Local extension and differential geometry

[Hyperreality]

I have to prove the map g:torus --> (S^2 3 dimensional sphere of radius 1) is a C infinity map in my assignment.

The torus is parameterized as

x(u,v)=(3+cos u)(cos v)
y(u,v)=(3+cos u)(sin v)
z(u,v)=sin u

The map g is given by

g=[6yz/(x^2+y^2+z^2+8), 3-sqrt(x^2+y^2), -xz/sqrt(x^2+y^2)]

I have done that by using suitable coordinate maps. But I am terribly confuse in how to prove this by choosing suitable local extensions between open subsets of R^3. To be honest I don't really know the definition of local extension of a coordinate map!

All I know is about local extension is that for f:u1 -> u2, local extension of f is F:U1 -> U2 such that u1 is a subset of U1 and u2 is a subset of U2, I am not sure if f has to equal F (f=F).

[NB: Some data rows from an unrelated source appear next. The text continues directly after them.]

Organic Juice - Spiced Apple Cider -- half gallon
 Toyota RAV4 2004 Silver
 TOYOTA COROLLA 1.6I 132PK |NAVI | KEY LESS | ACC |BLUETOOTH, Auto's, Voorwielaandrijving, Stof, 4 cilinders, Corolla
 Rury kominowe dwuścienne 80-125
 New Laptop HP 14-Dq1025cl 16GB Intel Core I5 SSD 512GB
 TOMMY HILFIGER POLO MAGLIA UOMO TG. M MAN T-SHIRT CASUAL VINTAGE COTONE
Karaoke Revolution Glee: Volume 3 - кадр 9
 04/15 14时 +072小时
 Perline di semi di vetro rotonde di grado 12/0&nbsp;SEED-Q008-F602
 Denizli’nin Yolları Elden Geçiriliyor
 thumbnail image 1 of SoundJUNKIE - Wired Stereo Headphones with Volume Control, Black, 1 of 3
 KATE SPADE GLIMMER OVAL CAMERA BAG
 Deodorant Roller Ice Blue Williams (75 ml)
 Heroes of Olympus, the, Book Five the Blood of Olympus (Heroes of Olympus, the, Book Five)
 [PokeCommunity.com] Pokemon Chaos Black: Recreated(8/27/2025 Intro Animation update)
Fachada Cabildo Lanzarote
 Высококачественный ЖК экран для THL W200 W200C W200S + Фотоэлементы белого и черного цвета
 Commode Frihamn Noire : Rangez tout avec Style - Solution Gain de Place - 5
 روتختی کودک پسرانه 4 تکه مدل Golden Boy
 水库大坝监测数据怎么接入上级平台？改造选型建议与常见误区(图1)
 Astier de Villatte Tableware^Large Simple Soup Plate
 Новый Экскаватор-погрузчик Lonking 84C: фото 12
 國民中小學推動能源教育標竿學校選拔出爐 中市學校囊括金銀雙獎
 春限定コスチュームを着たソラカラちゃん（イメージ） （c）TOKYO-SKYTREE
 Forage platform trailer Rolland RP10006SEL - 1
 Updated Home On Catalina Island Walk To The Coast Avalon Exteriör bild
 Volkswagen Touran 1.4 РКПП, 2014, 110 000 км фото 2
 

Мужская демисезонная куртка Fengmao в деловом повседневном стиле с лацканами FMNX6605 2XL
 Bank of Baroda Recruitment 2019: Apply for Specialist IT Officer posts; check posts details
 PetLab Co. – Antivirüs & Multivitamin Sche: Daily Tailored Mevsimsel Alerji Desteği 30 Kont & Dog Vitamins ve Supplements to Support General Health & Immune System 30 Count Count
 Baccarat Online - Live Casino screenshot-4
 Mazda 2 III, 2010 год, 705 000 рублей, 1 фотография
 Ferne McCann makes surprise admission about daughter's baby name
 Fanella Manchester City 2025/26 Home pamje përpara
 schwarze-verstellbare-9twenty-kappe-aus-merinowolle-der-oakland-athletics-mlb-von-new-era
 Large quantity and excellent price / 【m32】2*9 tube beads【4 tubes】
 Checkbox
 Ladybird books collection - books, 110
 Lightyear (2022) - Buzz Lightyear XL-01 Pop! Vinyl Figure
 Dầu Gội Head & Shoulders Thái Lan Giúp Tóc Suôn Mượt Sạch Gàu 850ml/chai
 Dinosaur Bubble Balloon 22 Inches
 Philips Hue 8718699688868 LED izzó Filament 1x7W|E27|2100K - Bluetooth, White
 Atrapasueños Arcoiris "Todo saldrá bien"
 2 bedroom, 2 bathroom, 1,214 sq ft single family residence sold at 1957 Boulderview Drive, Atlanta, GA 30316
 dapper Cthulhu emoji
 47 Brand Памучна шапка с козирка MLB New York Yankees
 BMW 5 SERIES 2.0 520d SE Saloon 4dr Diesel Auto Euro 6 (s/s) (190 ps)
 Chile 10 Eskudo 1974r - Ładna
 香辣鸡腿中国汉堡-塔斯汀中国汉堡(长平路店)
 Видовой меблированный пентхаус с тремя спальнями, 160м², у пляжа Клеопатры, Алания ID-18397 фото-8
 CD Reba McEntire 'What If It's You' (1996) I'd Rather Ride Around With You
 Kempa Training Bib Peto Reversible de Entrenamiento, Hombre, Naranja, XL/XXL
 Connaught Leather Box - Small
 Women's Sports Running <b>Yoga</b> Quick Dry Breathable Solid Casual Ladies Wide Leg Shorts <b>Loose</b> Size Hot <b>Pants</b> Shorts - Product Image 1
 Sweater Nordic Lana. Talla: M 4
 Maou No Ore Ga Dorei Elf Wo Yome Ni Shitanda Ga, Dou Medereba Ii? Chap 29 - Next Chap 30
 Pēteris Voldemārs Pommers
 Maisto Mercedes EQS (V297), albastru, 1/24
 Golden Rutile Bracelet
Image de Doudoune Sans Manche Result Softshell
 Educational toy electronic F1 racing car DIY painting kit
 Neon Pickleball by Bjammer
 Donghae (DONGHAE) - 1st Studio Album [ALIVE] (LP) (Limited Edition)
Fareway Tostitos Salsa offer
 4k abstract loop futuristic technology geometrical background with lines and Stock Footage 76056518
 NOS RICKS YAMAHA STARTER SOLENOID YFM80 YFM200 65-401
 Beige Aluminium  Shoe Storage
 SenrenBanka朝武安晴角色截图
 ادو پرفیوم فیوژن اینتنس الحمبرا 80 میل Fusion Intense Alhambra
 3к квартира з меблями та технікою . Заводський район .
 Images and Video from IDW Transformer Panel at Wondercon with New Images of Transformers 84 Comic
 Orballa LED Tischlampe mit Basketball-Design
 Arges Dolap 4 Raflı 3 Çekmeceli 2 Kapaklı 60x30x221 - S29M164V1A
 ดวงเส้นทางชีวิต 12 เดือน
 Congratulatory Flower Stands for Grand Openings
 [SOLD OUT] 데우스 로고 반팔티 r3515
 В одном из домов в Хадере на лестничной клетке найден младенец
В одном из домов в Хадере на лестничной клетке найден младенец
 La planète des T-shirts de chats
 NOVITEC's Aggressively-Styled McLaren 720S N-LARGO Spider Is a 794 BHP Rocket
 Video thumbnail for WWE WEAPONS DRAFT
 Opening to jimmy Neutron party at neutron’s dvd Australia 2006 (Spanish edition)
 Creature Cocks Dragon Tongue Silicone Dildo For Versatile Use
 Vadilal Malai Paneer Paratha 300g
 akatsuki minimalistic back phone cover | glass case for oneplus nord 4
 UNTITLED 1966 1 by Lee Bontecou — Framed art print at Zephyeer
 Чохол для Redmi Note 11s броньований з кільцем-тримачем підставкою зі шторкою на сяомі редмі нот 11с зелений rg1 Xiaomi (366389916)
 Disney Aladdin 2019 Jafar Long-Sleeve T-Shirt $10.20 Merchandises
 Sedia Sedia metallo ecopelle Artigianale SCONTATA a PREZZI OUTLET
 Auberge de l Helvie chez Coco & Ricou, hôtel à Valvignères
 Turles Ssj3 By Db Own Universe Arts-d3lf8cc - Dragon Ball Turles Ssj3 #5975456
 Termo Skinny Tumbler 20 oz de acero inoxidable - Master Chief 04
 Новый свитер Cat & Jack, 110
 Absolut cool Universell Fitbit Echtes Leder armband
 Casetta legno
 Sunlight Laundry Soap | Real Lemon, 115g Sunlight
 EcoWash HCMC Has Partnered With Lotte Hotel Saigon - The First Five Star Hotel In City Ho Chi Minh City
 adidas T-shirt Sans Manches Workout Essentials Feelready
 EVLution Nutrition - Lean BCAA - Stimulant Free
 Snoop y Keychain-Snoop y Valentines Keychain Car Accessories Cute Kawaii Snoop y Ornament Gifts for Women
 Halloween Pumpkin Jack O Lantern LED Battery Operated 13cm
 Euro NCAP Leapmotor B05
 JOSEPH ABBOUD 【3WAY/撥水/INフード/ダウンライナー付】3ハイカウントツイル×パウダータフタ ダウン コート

I think this can be proven easily if I just local extend g to G:R^3 -> R^3 where g=G and it is obvious that G is C-infinity then so does g. But how do I do this by choosing local subset of R^3, I don't really have a clue.

 

[Almsco]

That's a great question! It's definitely tricky to prove a map is C infinity, but the good news is that there are some steps you can take to make it easier. First, you'll need to define a coordinate map that takes the torus to R^3. Once you've done that, you'll need to create local extensions of your coordinate map between open subsets of R^3. To do this, you can use a partition of unity to construct local extensions of your coordinate map that are defined on open sets in R^3. After you have your local extensions in place, you can then use them to show that the original map is C infinity. Hopefully this helps and good luck with your assignment!